Ama bazı durumlar var ki sadece bireysel bir hata değildir, başka insanların da zarar görmesine sebep olan ahlaki yönden de etik olmayan kötü sonuçlara ve örneklere meydan yaratabilecek hatalardır. Hele ki ortada evli bir adam ve evli bir kadın varsa, o adamın ve o kadının ailesini, eşini, varsa çocuklarını uçuruma sürükleyebilir bu mesele artık bir çok kişinin hayatını geleceğini hayallerini umutlarını yıkan bir mesele hâline gelir.Tabi ben yine burada varsa aradaki çocuklara ve masum sadık eşlere üzüldüm yine ve yine 😔
Bu yüzden senin durduğun yer çok önemli. Sen bu ilişkiyi tasvip etmiyorsan ve bu durum sana sürekli olarak vicdan yükü oluyorsa ki bence olmalı, o kişiyle arana mesafe koyman bir tercih değil, bir duruş olur.
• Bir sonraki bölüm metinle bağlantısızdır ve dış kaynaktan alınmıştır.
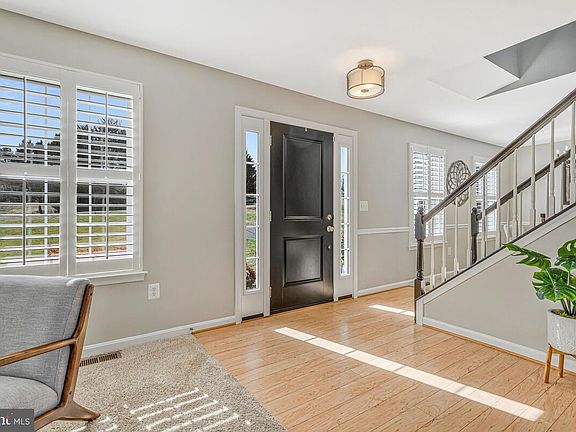 4th image of 1125 Sheridan Dr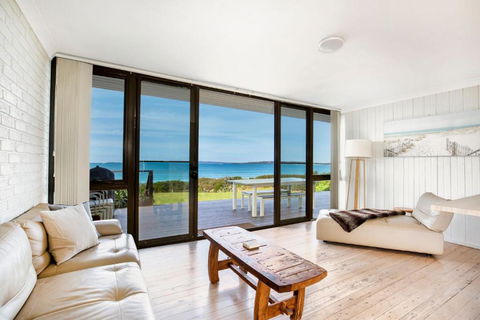 Azure Absolute Beachfront I Pet Friendly - Holiday Sunshine Coast 1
‘Bülbül güle, karga çöplüğe götürür.’
Benim naçizane tavsiyem İnsan, dostunu doğruya çağırabiliyorsa gerçekten dosttur. Ama dostuna rağmen kendini kaybediyorsa, dostluk değil, sürüklenmedir. Bu yüzden sen vicdanına, iç sesine güven. Ne kimseyi yerin dibine sok, ne de kendini ateşin içine at.